Terminal Goblin

Finding

Hermes loses operational credibility when agents answer status, build, test, or system questions from assumptions instead of verifying live state with terminal evidence.

Current

A real Hermes installation often has access to shell tools for checking versions, running tests, inspecting processes, validating builds, and confirming service behavior. The weak point is usually discipline: agents may summarize what should be true from memory, documentation, or prior sessions without running the one command that proves the current state.

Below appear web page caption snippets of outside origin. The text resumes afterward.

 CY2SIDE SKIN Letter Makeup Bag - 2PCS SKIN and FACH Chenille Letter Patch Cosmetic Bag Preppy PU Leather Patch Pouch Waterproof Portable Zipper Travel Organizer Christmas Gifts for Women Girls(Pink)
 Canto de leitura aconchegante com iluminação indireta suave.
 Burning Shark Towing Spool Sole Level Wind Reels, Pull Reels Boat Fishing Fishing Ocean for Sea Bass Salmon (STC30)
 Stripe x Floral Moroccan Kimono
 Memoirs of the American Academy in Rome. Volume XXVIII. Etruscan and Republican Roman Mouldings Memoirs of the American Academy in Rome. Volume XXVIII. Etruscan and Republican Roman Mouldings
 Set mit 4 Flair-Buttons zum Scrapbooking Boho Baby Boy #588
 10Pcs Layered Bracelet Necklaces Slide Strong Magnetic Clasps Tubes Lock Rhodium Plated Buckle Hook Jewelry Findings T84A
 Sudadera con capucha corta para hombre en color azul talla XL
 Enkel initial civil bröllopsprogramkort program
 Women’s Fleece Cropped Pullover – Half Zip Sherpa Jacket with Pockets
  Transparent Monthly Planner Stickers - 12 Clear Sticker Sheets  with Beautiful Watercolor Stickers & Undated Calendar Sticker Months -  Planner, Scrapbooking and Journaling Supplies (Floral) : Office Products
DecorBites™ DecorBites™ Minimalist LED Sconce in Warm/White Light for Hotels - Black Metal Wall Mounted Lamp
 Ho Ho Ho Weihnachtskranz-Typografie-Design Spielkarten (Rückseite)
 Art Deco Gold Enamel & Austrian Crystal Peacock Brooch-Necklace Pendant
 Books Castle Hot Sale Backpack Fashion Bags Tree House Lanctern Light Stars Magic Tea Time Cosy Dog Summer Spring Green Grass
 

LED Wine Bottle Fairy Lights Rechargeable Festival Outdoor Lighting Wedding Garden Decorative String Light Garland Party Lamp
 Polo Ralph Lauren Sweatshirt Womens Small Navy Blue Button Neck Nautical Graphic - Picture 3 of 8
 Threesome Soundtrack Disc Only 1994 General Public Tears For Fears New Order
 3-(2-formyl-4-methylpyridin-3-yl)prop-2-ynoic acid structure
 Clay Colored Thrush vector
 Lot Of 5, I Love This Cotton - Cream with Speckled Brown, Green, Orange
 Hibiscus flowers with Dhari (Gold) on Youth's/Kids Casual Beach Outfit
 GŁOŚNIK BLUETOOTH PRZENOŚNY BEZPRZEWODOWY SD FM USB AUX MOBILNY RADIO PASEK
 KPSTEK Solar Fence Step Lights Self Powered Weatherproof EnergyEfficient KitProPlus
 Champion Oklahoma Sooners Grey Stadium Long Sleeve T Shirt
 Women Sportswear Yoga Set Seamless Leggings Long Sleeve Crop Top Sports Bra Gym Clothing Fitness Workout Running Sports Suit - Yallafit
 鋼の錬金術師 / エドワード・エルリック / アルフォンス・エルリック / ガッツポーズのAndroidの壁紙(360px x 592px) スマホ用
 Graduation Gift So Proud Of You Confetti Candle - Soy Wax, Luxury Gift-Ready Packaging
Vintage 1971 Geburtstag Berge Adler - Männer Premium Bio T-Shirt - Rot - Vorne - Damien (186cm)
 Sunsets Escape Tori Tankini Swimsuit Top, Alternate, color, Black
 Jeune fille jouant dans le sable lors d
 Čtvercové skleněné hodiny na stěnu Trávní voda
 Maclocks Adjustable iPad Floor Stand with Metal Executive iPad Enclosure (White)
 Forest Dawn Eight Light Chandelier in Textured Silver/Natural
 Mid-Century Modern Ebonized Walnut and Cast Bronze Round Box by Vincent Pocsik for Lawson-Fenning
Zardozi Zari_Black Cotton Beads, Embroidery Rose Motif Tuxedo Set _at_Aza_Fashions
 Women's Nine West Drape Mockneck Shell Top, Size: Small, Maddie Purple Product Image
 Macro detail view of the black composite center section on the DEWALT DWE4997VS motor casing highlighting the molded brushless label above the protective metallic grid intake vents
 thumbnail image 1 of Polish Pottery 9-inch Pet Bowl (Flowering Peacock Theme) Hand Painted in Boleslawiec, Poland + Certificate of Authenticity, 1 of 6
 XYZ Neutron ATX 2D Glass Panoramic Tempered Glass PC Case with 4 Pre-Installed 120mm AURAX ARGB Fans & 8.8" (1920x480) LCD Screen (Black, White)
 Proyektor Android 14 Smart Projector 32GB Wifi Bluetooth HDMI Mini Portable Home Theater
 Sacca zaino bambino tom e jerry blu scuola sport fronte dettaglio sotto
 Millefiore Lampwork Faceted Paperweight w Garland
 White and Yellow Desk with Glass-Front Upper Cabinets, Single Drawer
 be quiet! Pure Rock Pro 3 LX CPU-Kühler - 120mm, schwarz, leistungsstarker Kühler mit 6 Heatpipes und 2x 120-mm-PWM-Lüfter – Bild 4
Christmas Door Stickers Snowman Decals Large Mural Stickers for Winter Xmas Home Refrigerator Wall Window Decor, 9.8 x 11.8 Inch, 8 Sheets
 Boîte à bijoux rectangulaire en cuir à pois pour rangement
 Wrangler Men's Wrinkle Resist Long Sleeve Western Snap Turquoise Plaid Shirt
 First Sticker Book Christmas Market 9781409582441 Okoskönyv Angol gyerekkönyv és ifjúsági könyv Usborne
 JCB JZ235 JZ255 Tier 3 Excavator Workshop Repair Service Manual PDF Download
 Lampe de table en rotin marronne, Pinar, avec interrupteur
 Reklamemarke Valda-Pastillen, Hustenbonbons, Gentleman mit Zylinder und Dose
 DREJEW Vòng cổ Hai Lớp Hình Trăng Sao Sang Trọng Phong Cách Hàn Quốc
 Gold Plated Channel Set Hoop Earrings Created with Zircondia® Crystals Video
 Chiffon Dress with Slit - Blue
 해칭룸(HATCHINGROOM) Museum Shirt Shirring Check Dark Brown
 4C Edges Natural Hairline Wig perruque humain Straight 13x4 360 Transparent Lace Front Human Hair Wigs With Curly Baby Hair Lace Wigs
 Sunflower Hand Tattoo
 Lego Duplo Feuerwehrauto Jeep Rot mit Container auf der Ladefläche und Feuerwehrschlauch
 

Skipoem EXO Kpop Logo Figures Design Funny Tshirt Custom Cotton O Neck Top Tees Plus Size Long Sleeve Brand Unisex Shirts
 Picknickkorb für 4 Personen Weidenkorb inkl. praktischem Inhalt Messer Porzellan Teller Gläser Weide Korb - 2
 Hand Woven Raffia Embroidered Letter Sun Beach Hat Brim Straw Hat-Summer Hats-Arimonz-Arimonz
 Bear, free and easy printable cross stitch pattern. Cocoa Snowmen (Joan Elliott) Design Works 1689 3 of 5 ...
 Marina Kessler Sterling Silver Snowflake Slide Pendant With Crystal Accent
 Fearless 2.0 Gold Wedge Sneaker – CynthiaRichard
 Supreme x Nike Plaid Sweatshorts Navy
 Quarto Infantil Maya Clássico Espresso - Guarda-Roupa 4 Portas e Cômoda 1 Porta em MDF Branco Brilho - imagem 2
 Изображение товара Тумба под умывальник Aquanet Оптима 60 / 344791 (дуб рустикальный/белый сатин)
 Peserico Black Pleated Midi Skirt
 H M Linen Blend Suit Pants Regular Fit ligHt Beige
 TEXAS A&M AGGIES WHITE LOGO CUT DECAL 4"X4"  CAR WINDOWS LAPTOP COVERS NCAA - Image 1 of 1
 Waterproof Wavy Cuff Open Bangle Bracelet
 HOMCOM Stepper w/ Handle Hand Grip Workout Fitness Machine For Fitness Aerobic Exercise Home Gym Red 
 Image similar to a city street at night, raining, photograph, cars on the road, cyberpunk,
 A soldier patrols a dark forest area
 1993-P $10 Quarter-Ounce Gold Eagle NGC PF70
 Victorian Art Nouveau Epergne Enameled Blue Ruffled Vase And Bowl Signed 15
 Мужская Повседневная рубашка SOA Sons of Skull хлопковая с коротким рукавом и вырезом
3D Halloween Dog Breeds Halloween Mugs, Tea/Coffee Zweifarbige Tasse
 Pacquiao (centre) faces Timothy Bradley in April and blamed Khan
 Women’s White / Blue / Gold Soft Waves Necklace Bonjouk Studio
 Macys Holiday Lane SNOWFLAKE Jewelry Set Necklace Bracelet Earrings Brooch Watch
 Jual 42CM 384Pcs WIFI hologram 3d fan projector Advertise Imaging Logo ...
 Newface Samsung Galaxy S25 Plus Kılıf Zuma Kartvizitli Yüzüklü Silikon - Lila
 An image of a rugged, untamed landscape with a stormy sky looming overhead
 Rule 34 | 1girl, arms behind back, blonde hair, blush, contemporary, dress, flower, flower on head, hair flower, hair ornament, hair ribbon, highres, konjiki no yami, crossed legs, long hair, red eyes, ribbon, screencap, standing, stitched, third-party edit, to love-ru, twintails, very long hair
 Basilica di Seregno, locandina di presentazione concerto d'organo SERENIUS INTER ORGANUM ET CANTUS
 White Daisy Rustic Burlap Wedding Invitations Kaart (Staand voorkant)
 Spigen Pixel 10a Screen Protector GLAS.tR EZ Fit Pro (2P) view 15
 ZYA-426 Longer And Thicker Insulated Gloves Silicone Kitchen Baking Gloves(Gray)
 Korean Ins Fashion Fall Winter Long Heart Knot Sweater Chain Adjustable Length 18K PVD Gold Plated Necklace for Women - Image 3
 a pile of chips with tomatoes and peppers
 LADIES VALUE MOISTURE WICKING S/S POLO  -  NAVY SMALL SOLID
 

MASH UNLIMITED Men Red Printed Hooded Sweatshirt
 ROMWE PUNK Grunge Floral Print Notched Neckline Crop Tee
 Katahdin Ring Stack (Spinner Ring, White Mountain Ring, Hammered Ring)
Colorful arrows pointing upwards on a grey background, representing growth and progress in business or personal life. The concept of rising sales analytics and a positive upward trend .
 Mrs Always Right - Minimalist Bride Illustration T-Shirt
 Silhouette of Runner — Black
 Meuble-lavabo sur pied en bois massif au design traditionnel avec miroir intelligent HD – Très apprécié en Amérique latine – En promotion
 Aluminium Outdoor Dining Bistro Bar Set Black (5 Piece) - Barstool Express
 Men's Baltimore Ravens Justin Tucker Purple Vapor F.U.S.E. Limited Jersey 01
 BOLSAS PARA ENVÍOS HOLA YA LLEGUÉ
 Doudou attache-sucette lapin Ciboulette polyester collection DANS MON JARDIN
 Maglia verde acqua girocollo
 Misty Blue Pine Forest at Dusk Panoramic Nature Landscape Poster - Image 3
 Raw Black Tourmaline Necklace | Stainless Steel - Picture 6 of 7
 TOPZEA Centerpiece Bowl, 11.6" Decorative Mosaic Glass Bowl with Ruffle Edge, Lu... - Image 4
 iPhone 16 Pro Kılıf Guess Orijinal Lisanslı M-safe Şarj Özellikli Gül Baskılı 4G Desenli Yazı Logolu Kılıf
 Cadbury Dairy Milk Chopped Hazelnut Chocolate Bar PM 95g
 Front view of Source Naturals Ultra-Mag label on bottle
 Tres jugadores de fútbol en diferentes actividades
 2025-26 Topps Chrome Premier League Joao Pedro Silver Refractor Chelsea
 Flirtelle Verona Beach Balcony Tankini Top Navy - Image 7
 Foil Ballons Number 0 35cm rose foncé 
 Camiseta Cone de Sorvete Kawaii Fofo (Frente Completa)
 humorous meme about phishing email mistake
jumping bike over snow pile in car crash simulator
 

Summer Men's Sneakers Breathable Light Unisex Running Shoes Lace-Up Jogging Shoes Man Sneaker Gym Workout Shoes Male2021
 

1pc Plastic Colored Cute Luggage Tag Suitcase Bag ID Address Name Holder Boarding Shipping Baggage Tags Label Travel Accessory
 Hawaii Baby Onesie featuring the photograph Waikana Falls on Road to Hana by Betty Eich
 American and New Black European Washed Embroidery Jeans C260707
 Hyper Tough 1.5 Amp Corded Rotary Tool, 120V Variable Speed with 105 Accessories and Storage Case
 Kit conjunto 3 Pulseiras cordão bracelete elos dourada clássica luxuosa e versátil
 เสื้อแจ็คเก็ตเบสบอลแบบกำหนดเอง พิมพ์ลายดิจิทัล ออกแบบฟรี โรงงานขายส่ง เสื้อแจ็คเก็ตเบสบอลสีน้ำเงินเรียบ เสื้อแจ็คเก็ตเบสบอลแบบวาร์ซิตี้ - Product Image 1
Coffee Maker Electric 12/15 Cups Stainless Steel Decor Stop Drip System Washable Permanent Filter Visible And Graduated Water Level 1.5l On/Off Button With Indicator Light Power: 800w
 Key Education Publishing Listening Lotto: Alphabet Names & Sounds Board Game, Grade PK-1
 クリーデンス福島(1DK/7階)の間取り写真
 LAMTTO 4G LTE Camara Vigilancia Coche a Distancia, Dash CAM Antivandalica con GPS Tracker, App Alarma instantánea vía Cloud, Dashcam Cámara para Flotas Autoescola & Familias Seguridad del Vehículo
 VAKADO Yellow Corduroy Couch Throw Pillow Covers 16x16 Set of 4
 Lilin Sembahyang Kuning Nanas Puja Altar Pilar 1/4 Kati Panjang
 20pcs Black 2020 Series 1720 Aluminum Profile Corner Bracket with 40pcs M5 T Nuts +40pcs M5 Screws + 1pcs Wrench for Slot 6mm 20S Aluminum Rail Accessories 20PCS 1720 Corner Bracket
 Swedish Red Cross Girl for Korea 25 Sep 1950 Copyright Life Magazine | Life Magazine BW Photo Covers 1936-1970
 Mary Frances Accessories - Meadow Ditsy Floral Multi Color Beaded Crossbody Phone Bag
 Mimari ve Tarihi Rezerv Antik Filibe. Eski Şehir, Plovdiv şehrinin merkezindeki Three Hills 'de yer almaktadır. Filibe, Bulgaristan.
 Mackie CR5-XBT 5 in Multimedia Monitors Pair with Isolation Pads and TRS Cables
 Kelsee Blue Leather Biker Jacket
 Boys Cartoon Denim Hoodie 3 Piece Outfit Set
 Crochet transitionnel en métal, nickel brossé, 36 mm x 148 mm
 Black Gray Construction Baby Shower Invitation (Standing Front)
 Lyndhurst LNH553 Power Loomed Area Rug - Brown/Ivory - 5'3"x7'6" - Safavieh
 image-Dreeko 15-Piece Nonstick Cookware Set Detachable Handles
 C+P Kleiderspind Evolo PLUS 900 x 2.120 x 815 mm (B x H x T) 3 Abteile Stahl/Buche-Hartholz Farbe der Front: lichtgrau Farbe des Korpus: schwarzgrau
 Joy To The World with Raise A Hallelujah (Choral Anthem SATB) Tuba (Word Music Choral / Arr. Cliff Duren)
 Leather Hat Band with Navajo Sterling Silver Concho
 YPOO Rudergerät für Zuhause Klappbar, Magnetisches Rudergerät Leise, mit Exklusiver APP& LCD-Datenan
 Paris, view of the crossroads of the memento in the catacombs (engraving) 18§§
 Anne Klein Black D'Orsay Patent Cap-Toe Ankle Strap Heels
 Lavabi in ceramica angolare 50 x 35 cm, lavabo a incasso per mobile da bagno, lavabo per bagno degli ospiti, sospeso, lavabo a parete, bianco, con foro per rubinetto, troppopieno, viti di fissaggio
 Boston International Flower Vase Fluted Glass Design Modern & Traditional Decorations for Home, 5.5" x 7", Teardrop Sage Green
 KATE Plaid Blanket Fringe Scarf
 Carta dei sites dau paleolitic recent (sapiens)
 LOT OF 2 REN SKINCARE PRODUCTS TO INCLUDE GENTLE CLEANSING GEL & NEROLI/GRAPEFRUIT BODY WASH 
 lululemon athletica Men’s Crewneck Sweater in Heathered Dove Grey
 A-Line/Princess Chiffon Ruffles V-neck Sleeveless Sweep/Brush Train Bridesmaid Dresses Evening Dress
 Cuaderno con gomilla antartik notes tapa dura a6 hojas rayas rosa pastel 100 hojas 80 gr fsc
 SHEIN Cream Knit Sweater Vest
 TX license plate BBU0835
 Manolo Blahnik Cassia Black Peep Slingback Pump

That creates confident but stale answers, especially after deploys, dependency changes, restarts, failed builds, or environment drift.

Suggested

Require terminal verification for live-state claims. Exact change: add a “Terminal Goblin rule” to SOUL.md or the main operator prompt: “For current system state, versions, tests, builds, ports, services, disk, memory, dates, hashes, or command availability, verify with terminal before answering.”
Add a standard shell evidence block to build and deploy runbooks. Exact change: update docs/runbooks/build-and-deploy.md or the relevant verification checklist with required commands for each change type, such as version check, test command, build command, service status check, and one smoke test before declaring success.
Patch troubleshooting skills to separate hypotheses from verified facts. Exact change: add a line to the systematic debugging or Hermes operations skill: “Do not mark a diagnosis confirmed until a terminal command, test result, log excerpt summary, or local file inspection verifies it; label unverified ideas as hypotheses.”

Impact

This makes Hermes status reporting grounded instead of performative. Terminal verification reduces false positives after builds, catches environment drift early, and gives the operator a concrete basis for decisions. It also improves public-facing maturity content because the system can say it recommends evidence-based checks without exposing private logs or command output.

Effort

Small — the capability already exists; the work is adding one prompt rule, one runbook checklist, and one troubleshooting habit so agents consistently verify before summarizing.

Public page note

Safe public content includes the operational principle, generic examples of terminal verification, and the maturity benefit of evidence-based status checks. Internal-only content includes raw command output, logs, credentials, environment variables, private file paths, hostnames, deployment details, customer data, and any live operational state that should not be exposed publicly.